Nonlinear trend of COVID-19 infection time series
Fumihiko Ishiyama
TL;DR
The paper addresses real-time assessment of COVID-19 infection dynamics by developing a nonlinear time-frequency analysis framework. It decomposes the time series into modes via $S(t) = \sum_{m=1}^M e^{H_m(t)}$ with $H_m(t) = \ln c_m(t_0) + \int_{t_0}^t [2\pi i f_m(\tau) + \lambda_m(\tau)] d\tau$ to extract nonlinear trends. It identifies a single nonlinear trend with $\lambda(t) \propto t$, which justifies a week-based infection growth rate defined as $\lambda(t) = \log_2 \frac{\sum_{\tau=t-6}^t S(\tau)}{\sum_{\tau=t-13}^{t-7} S(\tau)}$. The Delta variant's dynamics are captured with $\lambda(t) = 0.02 (t-t_0)$ and $S(t) = 120 \cdot 2^{0.01 (t-t_0)^2/7}$, holding for over three months before the Omicron transition. Overall, the method provides analytical insight into nonlinear epidemic trends and offers a complementary tool to traditional forecasting approaches for interpreting real-time infection data.
Abstract
We have developed a nonlinear method of time series analysis that allows us to obtain multiple nonlinear trends without harmonics from a given set of numerical data. We propose to apply the method to recognize the ongoing status of COVID-19 infection with an analytical equation for nonlinear trends.

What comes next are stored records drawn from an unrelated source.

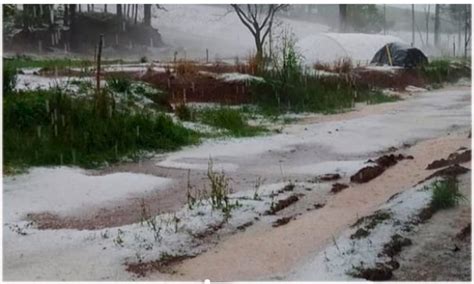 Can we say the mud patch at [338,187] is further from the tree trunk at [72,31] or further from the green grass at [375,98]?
the tree trunk at [72,31]

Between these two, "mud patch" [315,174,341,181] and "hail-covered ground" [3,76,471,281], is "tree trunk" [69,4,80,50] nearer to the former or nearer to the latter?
"hail-covered ground" [3,76,471,281]

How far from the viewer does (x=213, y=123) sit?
12.5 m

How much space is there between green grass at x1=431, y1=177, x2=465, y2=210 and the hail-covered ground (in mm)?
174

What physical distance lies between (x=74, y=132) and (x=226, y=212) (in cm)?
379

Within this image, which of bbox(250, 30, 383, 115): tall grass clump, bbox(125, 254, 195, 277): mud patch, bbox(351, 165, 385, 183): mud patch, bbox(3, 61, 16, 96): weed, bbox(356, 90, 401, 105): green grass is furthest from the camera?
bbox(356, 90, 401, 105): green grass

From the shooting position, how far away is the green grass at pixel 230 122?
39.0ft

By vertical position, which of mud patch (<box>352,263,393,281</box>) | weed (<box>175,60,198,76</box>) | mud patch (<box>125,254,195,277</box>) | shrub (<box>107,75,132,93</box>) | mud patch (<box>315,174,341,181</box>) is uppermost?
weed (<box>175,60,198,76</box>)

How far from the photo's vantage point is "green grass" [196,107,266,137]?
11.9 meters

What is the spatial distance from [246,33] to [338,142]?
47.6 meters

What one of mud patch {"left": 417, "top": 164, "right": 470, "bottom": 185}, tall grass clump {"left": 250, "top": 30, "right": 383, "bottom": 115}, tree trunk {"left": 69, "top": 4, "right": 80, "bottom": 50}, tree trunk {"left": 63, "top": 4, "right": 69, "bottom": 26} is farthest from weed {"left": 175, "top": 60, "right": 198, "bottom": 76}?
tree trunk {"left": 63, "top": 4, "right": 69, "bottom": 26}

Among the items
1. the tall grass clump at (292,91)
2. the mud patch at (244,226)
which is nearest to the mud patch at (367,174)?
the mud patch at (244,226)

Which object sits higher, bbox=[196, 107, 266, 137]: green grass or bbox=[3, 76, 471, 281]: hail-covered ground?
bbox=[196, 107, 266, 137]: green grass

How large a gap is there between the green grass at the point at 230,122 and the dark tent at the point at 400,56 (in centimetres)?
1564

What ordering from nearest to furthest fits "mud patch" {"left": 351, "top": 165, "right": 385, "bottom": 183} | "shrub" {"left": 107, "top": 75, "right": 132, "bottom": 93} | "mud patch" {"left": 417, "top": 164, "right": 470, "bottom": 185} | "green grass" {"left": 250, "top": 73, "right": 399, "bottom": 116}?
"mud patch" {"left": 417, "top": 164, "right": 470, "bottom": 185} → "mud patch" {"left": 351, "top": 165, "right": 385, "bottom": 183} → "shrub" {"left": 107, "top": 75, "right": 132, "bottom": 93} → "green grass" {"left": 250, "top": 73, "right": 399, "bottom": 116} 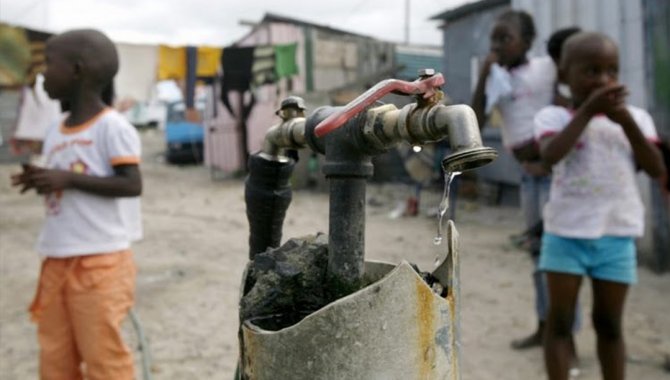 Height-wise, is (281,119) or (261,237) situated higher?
(281,119)

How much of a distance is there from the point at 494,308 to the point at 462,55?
8293 millimetres

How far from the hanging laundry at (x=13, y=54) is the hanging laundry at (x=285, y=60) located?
4.86 metres

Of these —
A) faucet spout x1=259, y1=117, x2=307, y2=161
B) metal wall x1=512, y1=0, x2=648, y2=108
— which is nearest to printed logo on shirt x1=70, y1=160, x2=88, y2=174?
faucet spout x1=259, y1=117, x2=307, y2=161

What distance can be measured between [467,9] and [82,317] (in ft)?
35.6

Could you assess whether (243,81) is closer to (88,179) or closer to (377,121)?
(88,179)

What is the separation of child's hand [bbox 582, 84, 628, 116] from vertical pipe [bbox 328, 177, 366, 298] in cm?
176

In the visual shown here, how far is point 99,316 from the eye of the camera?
2293 mm

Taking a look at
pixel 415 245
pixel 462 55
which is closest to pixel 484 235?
pixel 415 245

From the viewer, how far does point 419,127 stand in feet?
2.54

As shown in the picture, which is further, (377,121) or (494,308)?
(494,308)

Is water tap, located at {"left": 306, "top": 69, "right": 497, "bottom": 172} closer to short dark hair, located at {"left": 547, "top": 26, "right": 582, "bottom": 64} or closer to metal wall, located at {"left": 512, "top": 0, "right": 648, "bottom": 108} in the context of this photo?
short dark hair, located at {"left": 547, "top": 26, "right": 582, "bottom": 64}

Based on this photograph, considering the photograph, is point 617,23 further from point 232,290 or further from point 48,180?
point 48,180

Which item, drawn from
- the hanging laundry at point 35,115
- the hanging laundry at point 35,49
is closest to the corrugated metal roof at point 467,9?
the hanging laundry at point 35,49

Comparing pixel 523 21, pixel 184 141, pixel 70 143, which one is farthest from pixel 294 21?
pixel 70 143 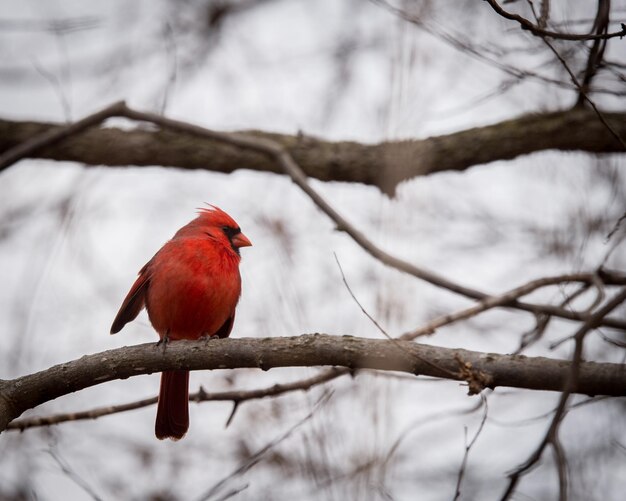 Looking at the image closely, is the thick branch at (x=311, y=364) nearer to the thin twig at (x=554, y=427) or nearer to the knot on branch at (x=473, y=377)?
the knot on branch at (x=473, y=377)

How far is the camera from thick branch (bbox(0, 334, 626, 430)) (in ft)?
9.05

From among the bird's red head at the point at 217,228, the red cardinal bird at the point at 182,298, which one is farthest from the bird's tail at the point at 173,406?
the bird's red head at the point at 217,228

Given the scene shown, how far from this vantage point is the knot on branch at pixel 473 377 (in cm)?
275

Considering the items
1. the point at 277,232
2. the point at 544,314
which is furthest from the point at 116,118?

We found that there is only a single nonlinear trend, and this result justifies the use of a week-based infection growth rate. In addition, the fit with the obtained analytical equation for the nonlinear trend holds for a duration of more than three months for the Delta variant infection time series. The fitting also visualizes the transition to the Omicron variant.